APPEAL from the judgment of Howden J., [2006] O.J. No. 2692, 46 R.P.R. (4th) 78 (S.C.J.), granting an injunction preventing the appellant from interfering with the respondents' use of access road.
Cases referred to Blais v. Belanger, 2007 ONCA 310, [2007] O.J. No. 1512, 224 O.A.C. 1, 54 R.P.R. (4th) 9, 2007 ONCA 1512 (C.A.), consd Atkins v. Carter, [2004] O.J. No. 2203 , 23 R.P.R. (4th) 311 (S.C.J.); Bogart v. Thompson, [2002] O.J. No. 1986, 1 R.P.R. (4th) 199 (S.C.J.); Kanhai v. Elliot Lake Textiles & Draperies Inc., [2005] O.J. No. 641, 29 R.P.R. (4th) 133 (S.C.J.); Vanalstyne v. Legg (2001), 42 R.P.R. (3d) 302 (S.C.J.), distd Other cases referred to 553173 Ontario Ltd. v. Bank of Montreal (1998), 1998 3047 (ON CA), 38 O.R. (3d) 575, [1998] O.J. No. 2031 (C.A.), affg (1995), 1995 7246 (ON SC), 26 O.R. (3d) 617, [1995] O.J. No. 3788 (Gen. Div.); 992275 Ontario Inc. v. Krawczyk, 2006 13955 (ON CA), [2006] O.J. No. 1730, 268 D.L.R. (4th) 121, 209 O.A.C. 302, 43 R.P.R. (4th) 21 (C.A.) Statutes referred to Road Access Act, R.S.O. 1990, c. R.34, ss. 1 "access road", "road" [as am.], 2, 3 [as am.], 6 [page562] Authorities referred to Ontario, Legislative Assembly, Hansard, No. 75 (1 June 1978) at 3015 (Hon. Mr. D. McKeough)

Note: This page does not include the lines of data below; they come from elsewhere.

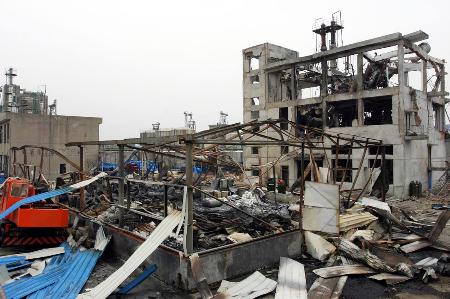 图文：江苏宜兴一化工厂发生爆炸6人死亡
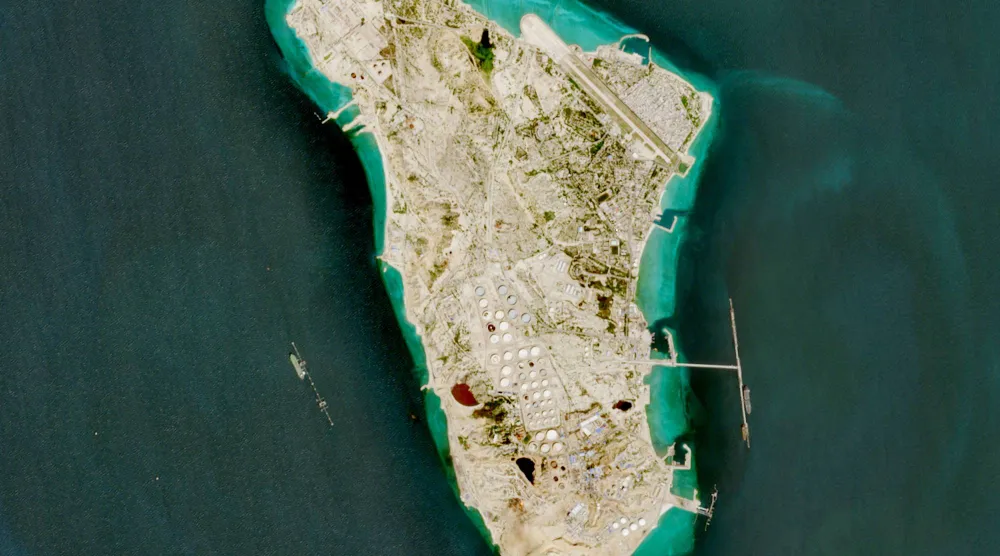 صورة بالأقمار الصناعية لجزيرة خرج الإيرانية (إ.ب.أ)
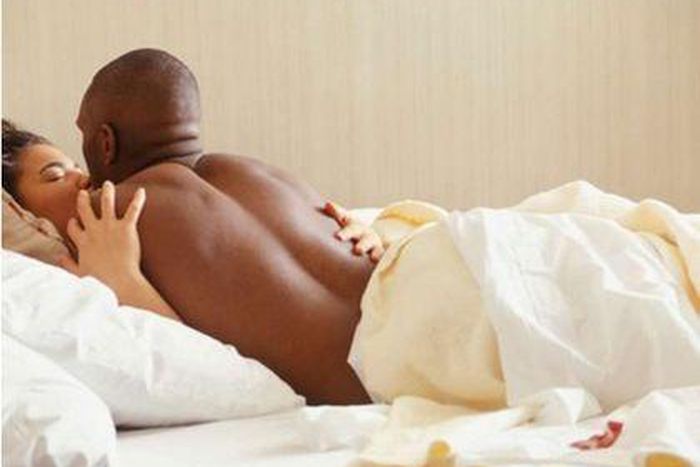 7 things every woman wants to hear during sex. [dailyadvent]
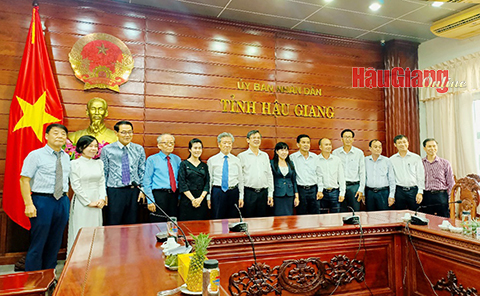 Ông Trương Cảnh Tuyên (thứ 7, từ trái sang) chụp ảnh lưu niệm với Đoàn công tác Hàn Quốc.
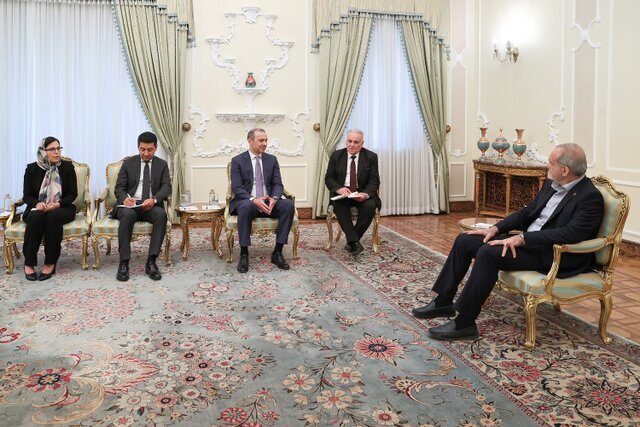 پزشکیان-۳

M. Philip Tunley, for appellant. Paula McMurtry, for respondents.
The judgment of the court was delivered by
LASKIN J.A.: --
A. Overview
[1] This is another in a spate of recent cases in this court under Ontario's Road Access Act, R.S.O. 1990, c. R.34. The Act was passed to resolve disputes between neighbours that occur when the property of one neighbour is landlocked, and the only motor vehicle access to it is over a road on property owned by another neighbour. The Act stipulates that the owner of the access road generally cannot close it without a court order. Implicitly, however, the Act allows the owner to close the road without a court order if there is "alternate road access" to the landlocked property. This appeal raises the question what constitutes "alternate road access" under the Act?

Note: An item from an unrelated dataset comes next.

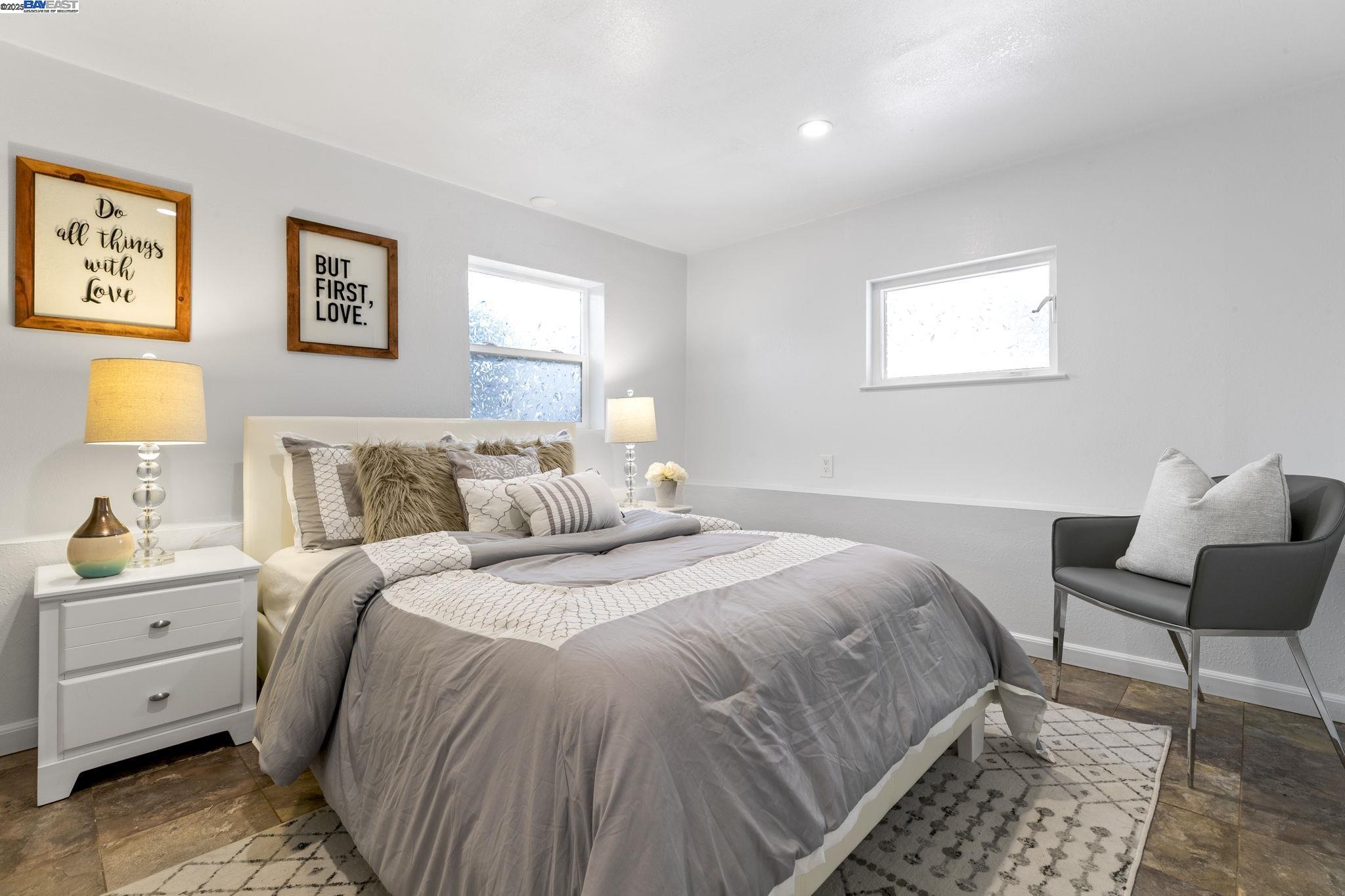 Oakland, California, 94606, United States, 3 Bedrooms Bedrooms, ,2 BathroomsBathrooms,Residential,For Sale,1839089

[2] The respondents are a group of cottagers who live year- round on a lot on the shores of Lake St. John. The sole existing motor vehicle access to their cottages is over a road located on an adjacent lot. The appellant, 2008795 Ontario Inc., now owns the adjacent lot. The previous owner of the adjacent lot charged the cottagers a $500 annual fee for use and the maintenance of the access road. 2008795, however, demanded a four-fold increase in the user fee. When the cottagers refused to pay it, 2008795 closed the road to them.
[3] 2008795 sued two of the cottagers in trespass for an injunction restraining them from using the access road. The cottagers, in turn, sought an injunction preventing 2008795 from interfering with their use of the road to go to and from their cottages. The two actions were consolidated and tried before Howden J. He dismissed 2008795's action for trespass, and granted the cottagers' request for an injunction on condition that they continue to pay a $500 annual user fee (or another fee directly related to the maintenance and repair cost of the existing road). [page563]
[4] On its appeal, 2008795 argues that it was entitled to close its access road without a court order because of the existence of alternate road access to the cottagers' properties. It contends that the cottagers have alternate road access to their properties in one of two ways: over a municipally regulated unopened road allowance, or over the existing access road on payment of the user fee sought by the appellant. I disagree. In my view, the trial judge correctly concluded that alternate road access means motor vehicle access over another existing road. I would therefore dismiss the appeal subject to 2008795's right under the Act to apply to close the road.
B. Background Facts
(a) The Lots in question
[5] The two lots in question are Lots 18 and 19 in the Township of Ramara. The cottagers live on Lot 19 which is reserve land of the Mnjikaning First Nation. The cottagers lease their properties from the Crown and pay an annual rent between $1,400 and $1,500. For many years the cottagers have driven to and from their leased properties over a gravel road that runs through Lot 18.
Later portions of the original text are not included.